# Another GM Soaper discovered you!



## Moonbeam (Oct 6, 2009)

Hey everyone! I was thrilled to find you. Looks like a wealth of info here! I have been making soap for about 11 years and make my living that way through the Farmers Markets (do 4 a week til the end of the month, then it goes down to just 3) have some wholesale accounts and a website. Am looking forward to getting to know everyone here!


----------



## Kalne (Oct 25, 2007)

Welcome! 

Can you tell us where you are located? And post your website so we can take a peek?


----------



## Guest (Oct 7, 2009)

Hello Moonbeam, glad you joined us
Barb


----------



## Sondra (Oct 25, 2007)

Hi and Welcome!! yes it is a rule here that you have to go to your profile, update your signature line with your real name (first is OK) and your location. 
Soaping for 11yrs, bet you have some good tips for us.


----------



## Moonbeam (Oct 6, 2009)

Sorry about that guys, I updated the profile this morning. Got so excited to find you all! I am in the SF Bay area and am thankfully the owner of a little soap company that has wonderful loyal customers. I have may that have been with me since the very begining! It's a blessing with the way the economy is to still have your customers bringing their friends. Soap is still a passion, I love it like you guys do. If there's anything I can help you with give a yell!
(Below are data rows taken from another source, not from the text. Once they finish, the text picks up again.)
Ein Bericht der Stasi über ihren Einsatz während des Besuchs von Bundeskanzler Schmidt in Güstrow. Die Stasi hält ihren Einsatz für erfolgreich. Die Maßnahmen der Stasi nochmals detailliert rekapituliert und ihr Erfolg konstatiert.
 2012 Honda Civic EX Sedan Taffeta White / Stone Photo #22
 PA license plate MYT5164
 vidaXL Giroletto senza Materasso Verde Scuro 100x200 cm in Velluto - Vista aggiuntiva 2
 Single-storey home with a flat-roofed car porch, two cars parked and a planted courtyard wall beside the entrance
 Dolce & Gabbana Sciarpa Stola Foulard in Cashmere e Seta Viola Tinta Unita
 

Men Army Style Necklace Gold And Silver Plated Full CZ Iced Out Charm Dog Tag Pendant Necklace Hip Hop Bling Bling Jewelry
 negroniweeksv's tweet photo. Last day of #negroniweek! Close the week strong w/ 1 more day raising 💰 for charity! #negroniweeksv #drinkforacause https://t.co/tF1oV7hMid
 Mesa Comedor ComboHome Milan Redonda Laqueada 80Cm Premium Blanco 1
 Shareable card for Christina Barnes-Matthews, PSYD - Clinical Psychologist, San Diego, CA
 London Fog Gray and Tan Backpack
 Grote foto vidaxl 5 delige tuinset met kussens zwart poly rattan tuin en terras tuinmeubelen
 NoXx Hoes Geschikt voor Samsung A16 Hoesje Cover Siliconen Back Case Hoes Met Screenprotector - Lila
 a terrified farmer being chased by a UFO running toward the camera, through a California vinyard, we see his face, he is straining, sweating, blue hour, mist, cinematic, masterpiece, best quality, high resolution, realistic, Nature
Oh and my website is www.deltamoonsoap.com Thank you all for the warm welcome!


----------



## Samilyn1981 (Oct 6, 2009)

Lovely Store! I apsire to be you someday :lol
& I haven't even made my first batch yet :biggrin


----------



## Moonbeam (Oct 6, 2009)

A warning about making soap, it's addicting! When there's no end to what you can make, and the cominations of oils etc, there's just no end to it! Thank you for the nice compliment!


----------



## Samilyn1981 (Oct 6, 2009)

I'm an addicit at heart :grin
Already addicted to cloth Diapering & making wine, what's one more thing! It's the "combinations" that keep me intreged with things. I actually love to sew too, but get bored QUICKLY!


----------



## Aja-Sammati (Oct 26, 2007)

I have labels from your soap, Carla! My aunt sends me labels from all the handcrafted soap she buys- she is an addict! She must have gotten some of yours when she was living in Cupertino (she is a market addict, too). I live a few hours north of you- near Redding. I am lucky enough to raise the goats that give milk for my soaps- glad you have 4Hers to get milk from!


----------



## Faye Farms (Sep 14, 2009)

Welcome! I'm new here too. I make milk soaps but I have Ayrshire cows instead of goats.


----------



## Moonbeam (Oct 6, 2009)

Michelle- what a small world! 
Thanks again for the warm welcome everyone, think I'm going to like it here!


----------